Life Below Stairs

Here are some charming anecdotes of life as a domestic servant in the last era of the North family residence at Kirtling Towers, thanks to Jean Everitt.

Kirtling Towers

Kirtling Towers

“My mother, Ivy was the cook at Kirtling Towers from 1925 until 1934  – from the time she was 20 to when she got married.

Ivy had two girls working for her both of whom were called Grace. There was Grace the scullery maid and Grace the kitchen maid. Ivy worked six days a week and was the only one of the kitchen staff to live in at the Towers. She had to start work around 6 o’clock every morning to prepare for breakfast for Lord and Lady North and was only able to go to bed late in the evening after all of the preparations for the evening meal had been cleared away.

This was a time when the landed families were still doing a lot of entertaining on a grand scale. I remember Ivy telling me how she was frequently called upon to do elaborate preparations for large weekend parties. The Norths even entertained Queen Mary and her household while Ivy was cook.

Every Sunday, on Ivy’s day off she used to get on her bicycle and cycle to her parents who lived at the village of Lode, near Anglesey Abbey. This would have been a round trip of over 20 miles.”
“I remember mother telling me some wonderful anecdotes of life below stairs.
On one occasion the kitchen staff were preparing a banquet and Ivy was cooking soufflés – a particular favourite of Lady North’s. Trouble was, soon before the guests were due to arrive, Ivy found that the solid-fuel cooking range was nowhere near the required temperature to cook the soufflés.

Fortunately Ivy was a resourceful lady who was not easily beaten. “Quick”, she says to Grace. “Go into the pantry and cut me a good slice of bacon”.

“But why Miss Ivy?” says Grace in surprise. “You’ll see”, says Ivy.

Well, Grace duly returns with the bacon and Ivy opens the oven door and throws it inside. Of course the oven goes woosh and starts to burn much hotter which is exactly what Ivy’s wanted. It looks as if the day has been saved.

But when Grace goes to get the soufflés out of the oven, what a shock she gets. They had risen well, but were covered from top to toe in a thick layer of soot that had come down the chimney.

“Oh no, says Grace, what shall we do now?” Quick witted Ivy says “We haven’t time to cook anything else now. Grace, you brush off the soot as best you can and we’ll hope that Lady North doesn’t notice anything.”

So the soufflés are served to the guests and after the meal has finished and the kitchen staff are clearing up, who should appear round the door but Lady North herself. “Well, Ivy, she says. What wonderful soufflés. Surely the finest you’ve ever cooked!”

“One another occasion, Ivy tells me that the Norths were preparing to entertain a  party of guests for tennis.

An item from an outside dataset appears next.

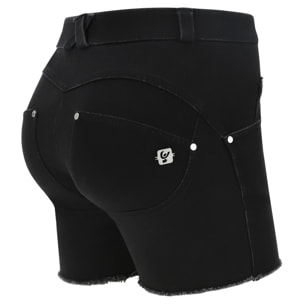 Shorts push up WR.UP® sfrangiati vita regular in denim navetta ecologico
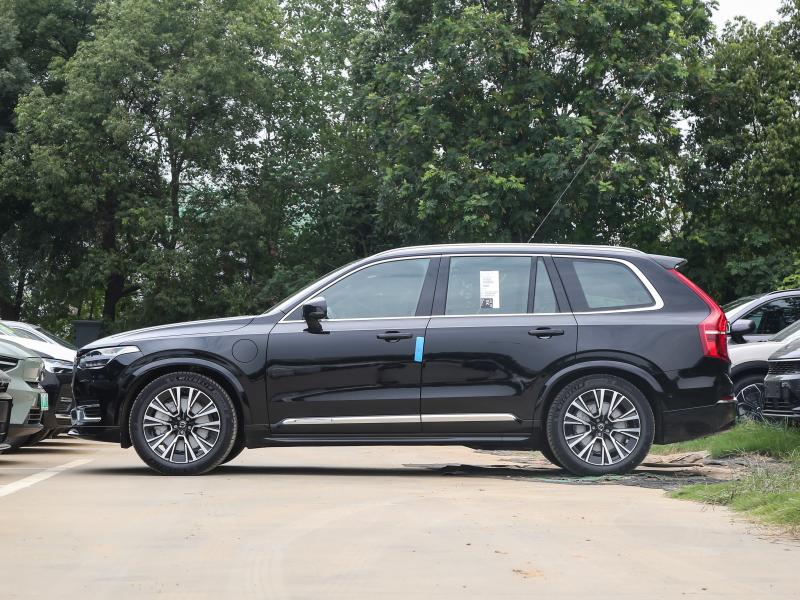 眉山沃尔沃XC90新能源正在优惠，最新报价70.89万！现车充足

Shortly before they were due to arrive, Della, Lady North’s daughter appears in the kitchen, this time with a large box of tennis balls.

“Ivy” commands Della. “Get these balls washed and scrubbed so they look good for my guests.” And off disappears Della to see to the preparations above stairs.

“Well”, says Ivy. “I’m blessed if I’m going to do anything with those balls. That’s not for the likes of us to do”. So when Della appears later and says “I hope those balls are nice and dry”, Ivy says “I’m quite sure they are Ma’am, cos’ they never got wet. It’s not the job of the kitchen to clean them tennis balls”. And Della North had to be satisfied with that. You didn’t argue with the cook.

Then there’s the time that one of the Graces was asked to go up to the dining room to clear away the evening meal that Lord and Lady N had just finished. Ivy had made sweets which had been put out on the sideboard for the Master and Mistress to have with their coffee. Grace has a quick look around to check there was noone to see and then starts to help herself to the remaining sweets.

Suddenly a voice booms out from nowhere. “Yes, please do help yourself!” What poor Grace doesn’t know is that Lord N’s favourite place to sit after a meal is a wing chair, in which he is completely hidden from the dining table but sees everything that goes on. Needless to say, Grace rushes downstairs in an awful pickle, but they could see she meant no harm.”

With thanks to Jean for telling us these anecdotes.